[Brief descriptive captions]
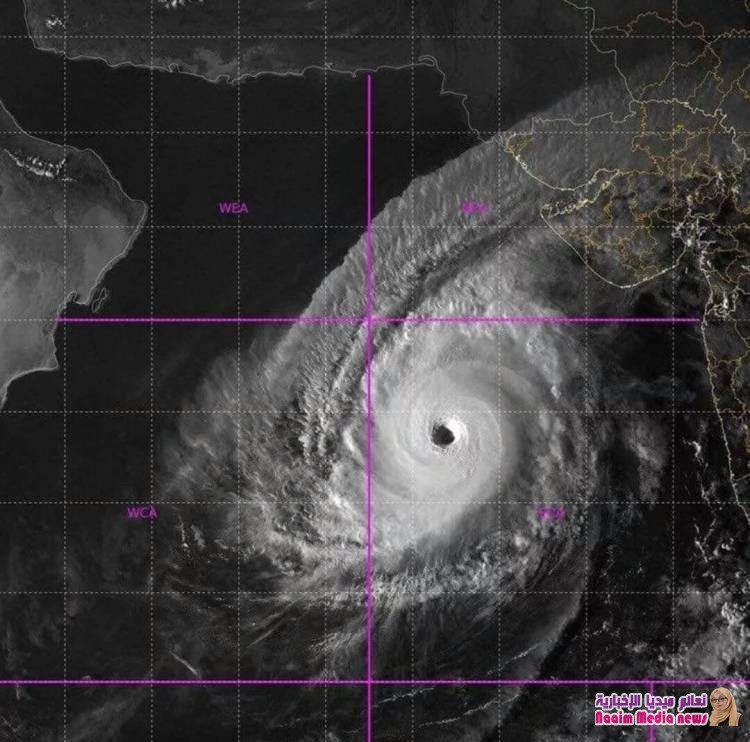 ‏‎الأرصاد اليمنية: إعصار "كيار" يتطور إلى الدرجة الرابعة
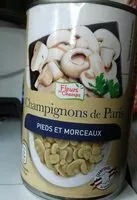 入っている砂糖の量 Champignons de Paris pieds et morceaux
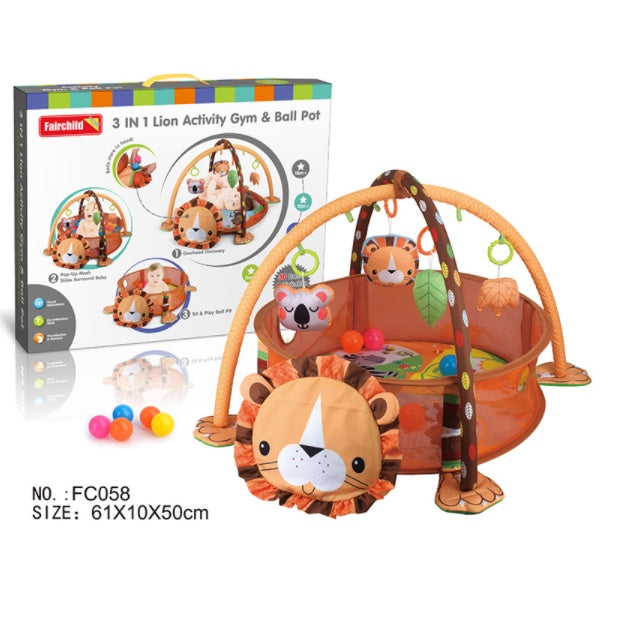 Music Baby Gym Piano Play Mat |  Infant Crawling Activity Bed Toddler Exercise Fitness Rattle | Tilam Mainan Bayi - Boo & Bub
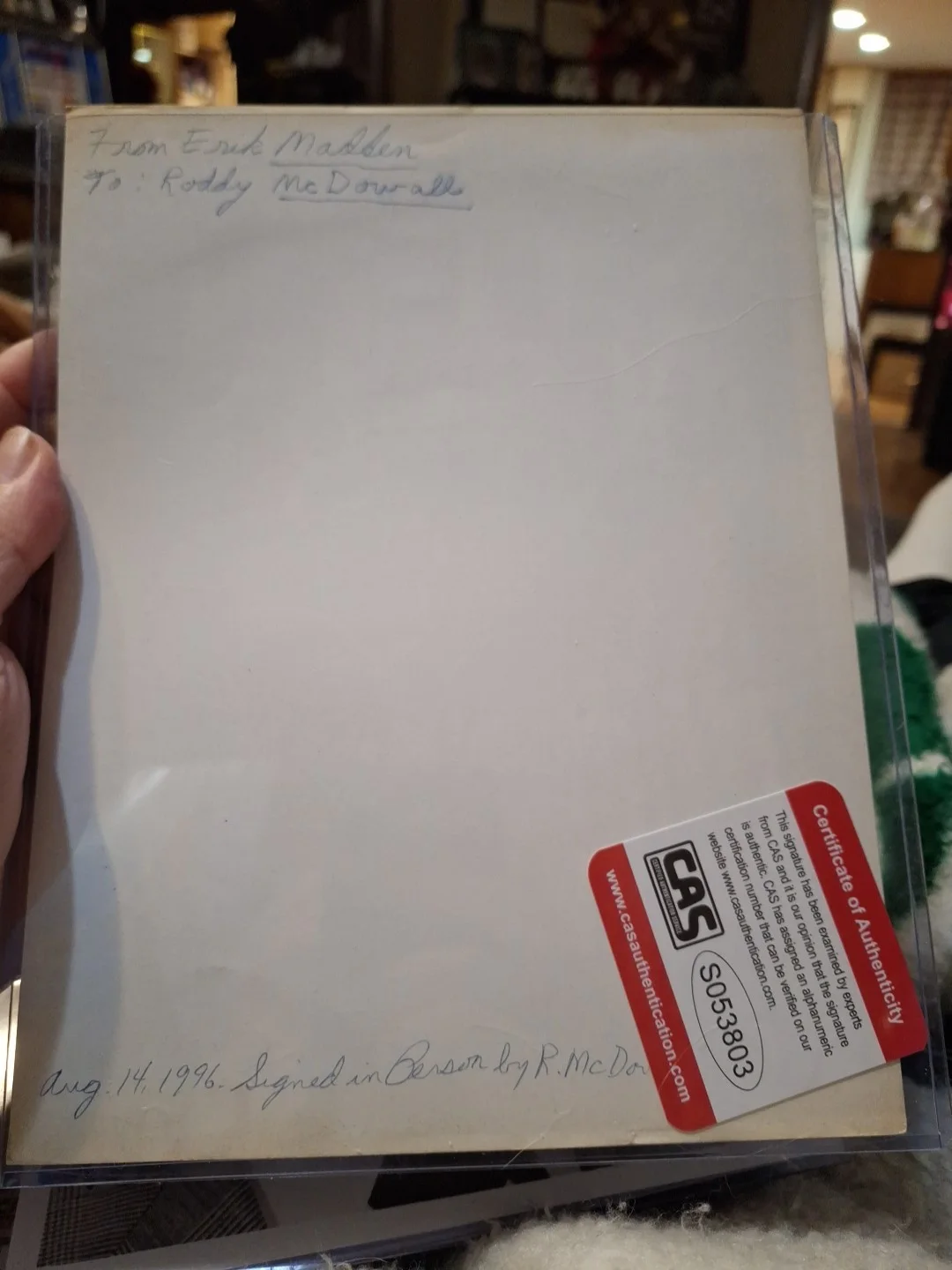 roddy mcdowell — Roddy McDowell Signed 1944 Studio Promotional 8x10 B/W Photo CAS COA, image 3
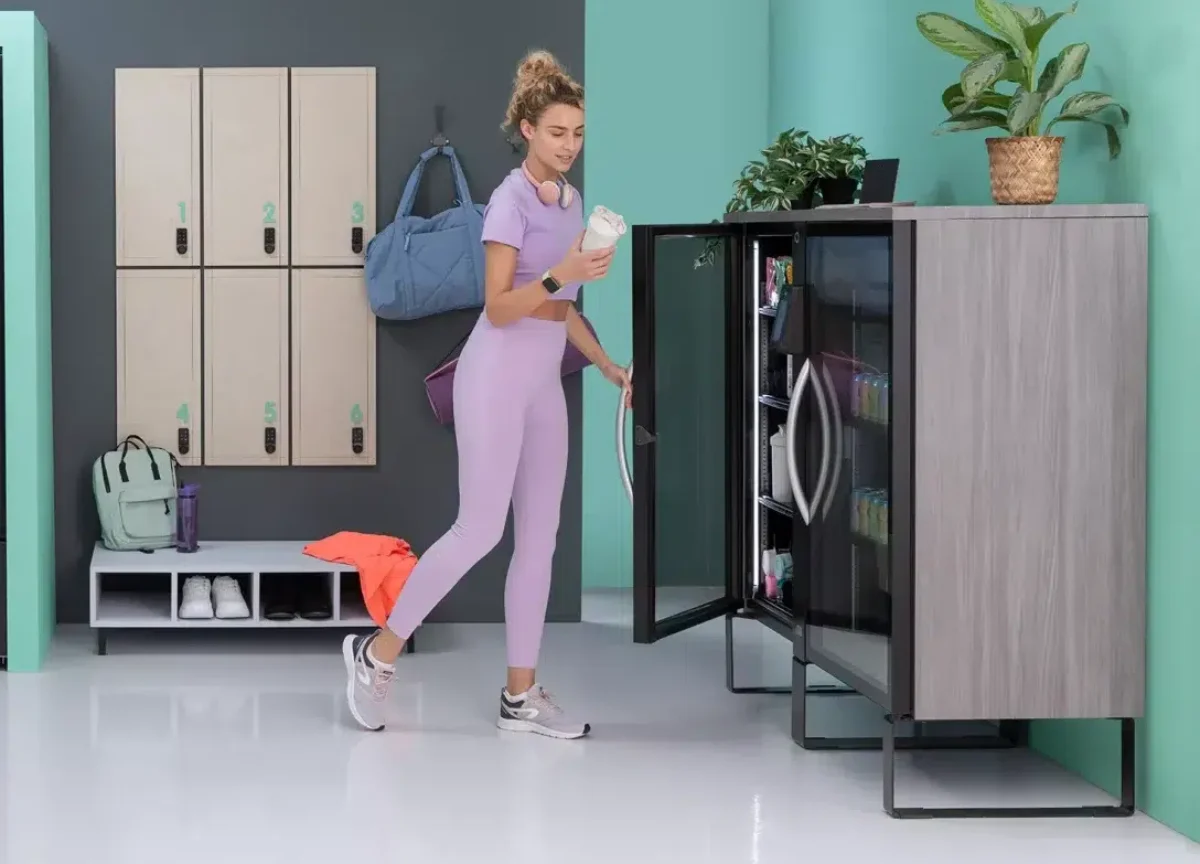 Kiosque intelligent Vendis Automate dans une salle de sport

→ ACTION ITEM
Exactly the lines from the one that contains "Music Baby Gym" through the final line of the records above are needed, given again word for word, with every picture left out.

→ ANSWER FOR THIS EXERCISE
 Music Baby Gym Piano Play Mat |  Infant Crawling Activity Bed Toddler Exercise Fitness Rattle | Tilam Mainan Bayi - Boo & Bub
 roddy mcdowell — Roddy McDowell Signed 1944 Studio Promotional 8x10 B/W Photo CAS COA, image 3
 Kiosque intelligent Vendis Automate dans une salle de sport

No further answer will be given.